We often hear about communication in the workplace, but it’s usually within the context of an office environment. What about the significant portion of our workforce that is involved in non-office occupations, such as trucking? Discussing methods to improve email communications or team meetings loses some of its luster when you realize a considerable portion of a transportation company’s workforce is on the road most of the time. So what does work?
Well, in the past we have discussed the importance of feedback and having an open door policy, but today we are going to look at a few other ideas to engage our drivers.
When it comes to communication, it needs a basic foundation of trust to be received. If that trust isn’t there, then people will consciously or unconsciously filter what they hear. I can vividly remember picking up a group of workers from another organization. The former employer had treated the employees poorly, which meant nothing that I said or did was fully registering with them.
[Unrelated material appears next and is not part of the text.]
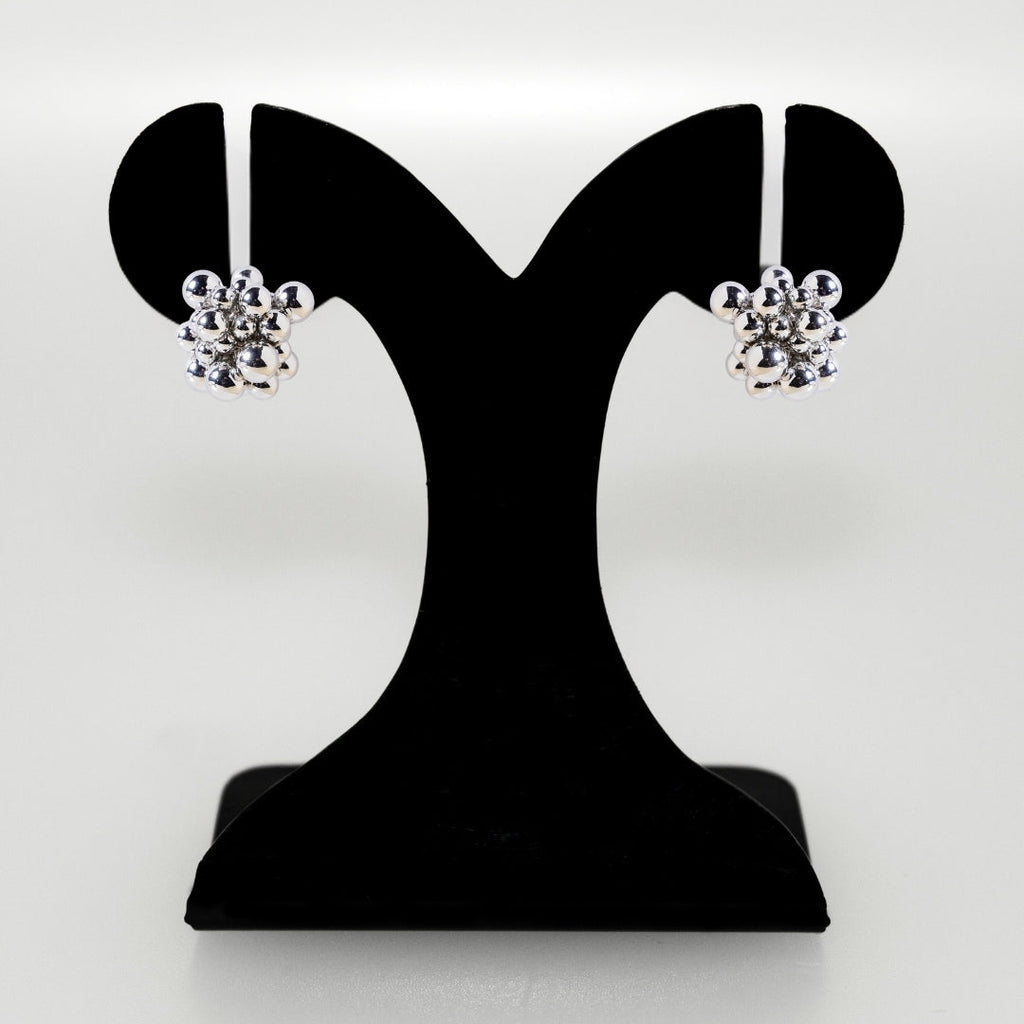 Silver Bold Beaded Cluster Earrings Nestasia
It wasn’t until much later that those bonds of trust began to form and we were able to truly realize the value of those employees.
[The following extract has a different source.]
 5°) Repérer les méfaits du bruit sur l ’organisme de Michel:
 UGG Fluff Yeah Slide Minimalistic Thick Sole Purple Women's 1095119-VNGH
The sheer impact of distrust is especially painful in the trucking industry.
“[Most] drivers don’t trust that the company cares about them. People feel like their voices are being lost and their concerns aren’t acknowledged,” said Rim Yurkus, CEO of Strategic Programs, Inc.
One of the best ways to build trust early on is to meet with new drivers and establish expectations on both ends. What does your driver expect from you? What do you expect from them? Having this conversation with each new driver goes a long way toward building trust. Another great way to build trust is by determining best methods for communication. More on that next.
Use Their Language
I’ll never forget the time I observed a Vice President addressing a group of our front line workers. He was using jargon and complex language that might be fine for the board room, but the workers weren’t getting it. In the end, he ended up alienating more people than he reached with the act.
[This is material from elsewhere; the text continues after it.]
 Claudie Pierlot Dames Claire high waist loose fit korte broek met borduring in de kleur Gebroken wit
Think about the drivers on your team. How do they talk? What is important to them? Discuss those things. This isn’t necessarily a call to “dumb down” what you’re saying–it’s a suggestion to engage them by using the communication style they are comfortable with.
According to Megan Younkin, a consultant at Strategic Programs, “Speaking to someone in a style that’s comfortable for you but that clashes with theirs can be detrimental to relationships. I’ve had experiences where I’ve felt intimidated by the way people talk to me, which makes me not want to interact with them. The person wasn’t trying to intimidate; it’s just the way they communicate.”
This might not always come easily, but it can pay dividends in the long run.
“Working out these issues and putting effort in to how to speak with people who have different communication styles is well worth the effort,” added Younkin.
One of the greatest pieces of leadership advice I ever received was to be genuinely curious about my people and the work they did. This is not an excuse for micromanagement or being overbearing. Instead, it’s a way to get more insight into what motivates people, what they find interesting, and how you can best engage with them.
The book Turn The Ship Around provides an excellent illustration of this concept. The lowest-rated submarine crew in the US Navy received a new captain, and his management style was to encourage autonomy while asking helpful questions to allow people to come to their own conclusions. His natural curiosity and friendly manner helped to abate any potential sense of micromanagement while still getting results. Just a short time after the new captain took charge, the vessel received high ratings for its performance, a testament to the value that comes from this type of communication style.
Each of these is a helpful piece of advice in its own right, but when combined, you can quickly see how the synergy can play out. Being naturally curious about your team’s work will build trust over time. And through that exercise and interaction, you’ll brush up on their language and preferred communication styles, honing the relationship and engaging staff in new ways. The end result is a better connection between your leaders and drivers.